The market, Salonica

The market, Salonica
The market, Salonica

Saturday 27 July 2013

Royal Blue

A decade or more of toil against gender stereotyping has been undone by a single birth. 

In Canada, they turned Niagara Falls blue (if you didn’t get it, the spray is normally white), and in New Zealand, Christchurch airport was also illumined with the colour for boys.  Prince William, said their Prime Minister, is held in high affection over there as he attended the opening of the Supreme Court.  They lit up the wrong building, then. 

The Australians, to their credit, didn’t show off any man-made or natural wonders.  In that gruff, endearing way, the PM simply spoke about the royal bub.  Like an eight-pound door knocker, or ceremonial barge.  You can’t picture a human, let alone a gender.    

Here in England, things didn’t turn out much better.  With Scottish independence in the air, we weren’t about to highlight the colour blue.  We wanted to celebrate the Union, and the London Eye was lit up in the colours of the Union Jack.  At least, it was meant to be.  What we got was blue, pink and indeterminate – the gender stereotypes again.  In the morning, we took extra care with our choice of tie. 

The sailors on HMS Lancaster celebrated in their own way.  They went on parade and formed the letters BOY.  Someone in a helicopter photographed them on deck.  They must have been hoping for a boy.  The extra letter in girl would have put some sailors too close to the edge, not to mention indeterminate

The baby’s name was never going to be Jack.  It was never going to be David, either.  Mr Cameron’s fiddle with the primogeniture law, like some of his other legislation, is now irrelevant.  Speaking of fiddling, how do we know it’s a boy?  Because certain people were paid to inspect the future monarch’s genitals and make a written report about what they saw.  We trust that this is the last time such liberty is taken.

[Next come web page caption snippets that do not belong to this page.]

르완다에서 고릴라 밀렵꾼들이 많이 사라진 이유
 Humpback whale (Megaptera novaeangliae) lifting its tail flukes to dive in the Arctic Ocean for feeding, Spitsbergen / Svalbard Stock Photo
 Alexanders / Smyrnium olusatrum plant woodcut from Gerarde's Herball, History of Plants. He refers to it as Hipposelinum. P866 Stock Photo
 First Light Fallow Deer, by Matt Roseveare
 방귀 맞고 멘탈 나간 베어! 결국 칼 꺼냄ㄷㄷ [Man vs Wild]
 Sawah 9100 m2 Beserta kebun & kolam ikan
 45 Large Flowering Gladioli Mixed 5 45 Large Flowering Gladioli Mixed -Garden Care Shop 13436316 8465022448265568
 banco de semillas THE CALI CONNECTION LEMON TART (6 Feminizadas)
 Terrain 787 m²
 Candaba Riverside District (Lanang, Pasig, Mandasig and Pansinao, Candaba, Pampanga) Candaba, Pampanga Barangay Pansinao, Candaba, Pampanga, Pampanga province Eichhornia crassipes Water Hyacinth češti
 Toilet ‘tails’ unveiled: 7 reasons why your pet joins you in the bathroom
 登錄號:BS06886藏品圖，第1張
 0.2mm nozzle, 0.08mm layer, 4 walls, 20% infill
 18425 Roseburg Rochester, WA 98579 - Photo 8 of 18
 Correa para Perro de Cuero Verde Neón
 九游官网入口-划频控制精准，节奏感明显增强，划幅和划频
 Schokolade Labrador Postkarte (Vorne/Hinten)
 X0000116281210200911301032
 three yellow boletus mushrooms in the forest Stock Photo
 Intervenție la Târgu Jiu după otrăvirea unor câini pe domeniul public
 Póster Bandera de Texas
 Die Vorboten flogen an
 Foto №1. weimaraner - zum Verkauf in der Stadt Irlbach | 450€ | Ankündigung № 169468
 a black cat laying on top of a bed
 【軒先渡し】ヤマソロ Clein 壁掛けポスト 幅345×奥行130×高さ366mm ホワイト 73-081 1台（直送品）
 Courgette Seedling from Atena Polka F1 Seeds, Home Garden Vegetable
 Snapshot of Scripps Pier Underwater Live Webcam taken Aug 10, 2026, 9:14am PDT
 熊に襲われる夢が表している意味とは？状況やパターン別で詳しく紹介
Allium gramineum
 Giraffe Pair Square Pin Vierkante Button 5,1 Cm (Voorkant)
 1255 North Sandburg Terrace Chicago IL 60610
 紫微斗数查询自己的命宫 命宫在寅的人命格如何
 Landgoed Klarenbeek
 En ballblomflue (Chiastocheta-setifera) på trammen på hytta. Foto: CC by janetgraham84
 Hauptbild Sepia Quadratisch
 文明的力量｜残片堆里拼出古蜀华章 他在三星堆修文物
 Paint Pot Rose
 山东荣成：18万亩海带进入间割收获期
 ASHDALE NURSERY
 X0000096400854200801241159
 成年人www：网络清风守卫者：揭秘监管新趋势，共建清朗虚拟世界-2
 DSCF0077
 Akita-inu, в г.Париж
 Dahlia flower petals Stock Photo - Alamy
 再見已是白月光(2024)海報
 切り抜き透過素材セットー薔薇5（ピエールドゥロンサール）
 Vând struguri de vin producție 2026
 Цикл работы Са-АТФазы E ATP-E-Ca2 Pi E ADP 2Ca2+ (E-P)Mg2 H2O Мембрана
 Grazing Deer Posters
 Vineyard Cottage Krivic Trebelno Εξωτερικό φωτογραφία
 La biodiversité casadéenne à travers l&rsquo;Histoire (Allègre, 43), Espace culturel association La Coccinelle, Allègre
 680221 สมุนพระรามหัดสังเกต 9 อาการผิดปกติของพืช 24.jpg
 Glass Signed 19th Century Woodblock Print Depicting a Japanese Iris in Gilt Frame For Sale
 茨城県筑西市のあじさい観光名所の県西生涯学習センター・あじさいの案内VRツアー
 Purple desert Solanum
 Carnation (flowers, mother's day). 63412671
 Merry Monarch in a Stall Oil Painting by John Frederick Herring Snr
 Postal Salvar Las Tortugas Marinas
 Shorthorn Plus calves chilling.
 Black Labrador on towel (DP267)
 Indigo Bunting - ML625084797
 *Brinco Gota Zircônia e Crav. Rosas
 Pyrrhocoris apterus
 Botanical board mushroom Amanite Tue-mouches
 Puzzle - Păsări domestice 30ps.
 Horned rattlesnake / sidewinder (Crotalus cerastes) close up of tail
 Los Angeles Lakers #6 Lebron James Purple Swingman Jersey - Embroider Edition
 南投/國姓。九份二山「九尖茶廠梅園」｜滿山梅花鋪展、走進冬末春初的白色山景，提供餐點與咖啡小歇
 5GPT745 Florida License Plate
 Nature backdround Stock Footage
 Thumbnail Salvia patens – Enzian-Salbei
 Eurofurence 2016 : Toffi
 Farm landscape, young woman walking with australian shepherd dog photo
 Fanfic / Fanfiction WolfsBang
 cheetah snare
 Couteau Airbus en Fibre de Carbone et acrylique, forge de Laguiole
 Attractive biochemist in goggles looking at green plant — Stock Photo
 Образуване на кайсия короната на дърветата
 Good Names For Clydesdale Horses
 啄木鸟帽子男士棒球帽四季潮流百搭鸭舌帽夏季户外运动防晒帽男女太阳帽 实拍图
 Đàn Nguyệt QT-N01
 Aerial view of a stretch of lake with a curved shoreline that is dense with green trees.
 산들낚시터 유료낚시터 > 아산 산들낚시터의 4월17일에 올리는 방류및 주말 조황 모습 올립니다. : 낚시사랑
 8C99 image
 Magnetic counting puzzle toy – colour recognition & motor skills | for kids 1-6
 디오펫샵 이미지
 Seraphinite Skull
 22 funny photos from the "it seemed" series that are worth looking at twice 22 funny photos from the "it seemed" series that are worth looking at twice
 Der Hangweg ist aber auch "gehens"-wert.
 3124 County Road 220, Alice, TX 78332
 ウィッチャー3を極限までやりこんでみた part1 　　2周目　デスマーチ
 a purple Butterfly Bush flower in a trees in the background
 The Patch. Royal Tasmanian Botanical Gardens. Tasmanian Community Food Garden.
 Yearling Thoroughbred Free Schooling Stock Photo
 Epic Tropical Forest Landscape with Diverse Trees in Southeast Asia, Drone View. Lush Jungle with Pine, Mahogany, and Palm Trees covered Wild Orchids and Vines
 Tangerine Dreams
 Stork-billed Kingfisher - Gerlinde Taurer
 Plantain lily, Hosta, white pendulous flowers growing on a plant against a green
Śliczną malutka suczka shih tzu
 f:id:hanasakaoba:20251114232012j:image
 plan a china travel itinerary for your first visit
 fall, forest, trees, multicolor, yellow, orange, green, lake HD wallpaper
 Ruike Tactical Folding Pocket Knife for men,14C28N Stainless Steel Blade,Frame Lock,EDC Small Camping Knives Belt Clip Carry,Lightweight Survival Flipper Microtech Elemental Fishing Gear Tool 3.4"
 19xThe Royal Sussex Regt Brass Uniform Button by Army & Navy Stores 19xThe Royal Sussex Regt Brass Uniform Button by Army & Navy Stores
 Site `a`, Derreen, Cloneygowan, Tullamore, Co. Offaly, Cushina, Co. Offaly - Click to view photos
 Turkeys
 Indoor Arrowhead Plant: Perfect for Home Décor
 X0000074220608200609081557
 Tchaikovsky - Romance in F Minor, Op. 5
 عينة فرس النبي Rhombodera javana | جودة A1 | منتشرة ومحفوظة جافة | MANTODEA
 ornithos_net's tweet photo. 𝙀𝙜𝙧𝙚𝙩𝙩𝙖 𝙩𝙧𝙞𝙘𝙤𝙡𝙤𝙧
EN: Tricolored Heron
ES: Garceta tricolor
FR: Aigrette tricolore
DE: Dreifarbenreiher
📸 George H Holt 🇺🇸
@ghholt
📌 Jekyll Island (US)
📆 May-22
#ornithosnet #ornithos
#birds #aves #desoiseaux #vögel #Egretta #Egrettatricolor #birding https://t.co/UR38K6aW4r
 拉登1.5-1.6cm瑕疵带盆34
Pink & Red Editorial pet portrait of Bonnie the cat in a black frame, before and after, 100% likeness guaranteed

BBC headlines showed the world reacting to news of the royal birth.  That may have pleased the audience here in Britain, but it was little more than a few best wishes from a few predictable presidents and Commonwealth countries.  Nonetheless, in their tradition of balanced reporting, the BBC website did quote a Pakistani journalist’s tweet that the royal arrival made no difference whatsoever to a great number of people. 

We can still celebrate our British-ness, though, even when we know that not everybody does, and that members of the Royal family are born and live and die exactly like the rest of us?  And we don’t need to travel to the sub-continent to witness such ennui.  After that car accident in Paris, anarchist graffiti like DEAD AS A DODI straightaway appeared on walls around London.  

Life is probably easier for anarchists.  They don’t wear ties for a start.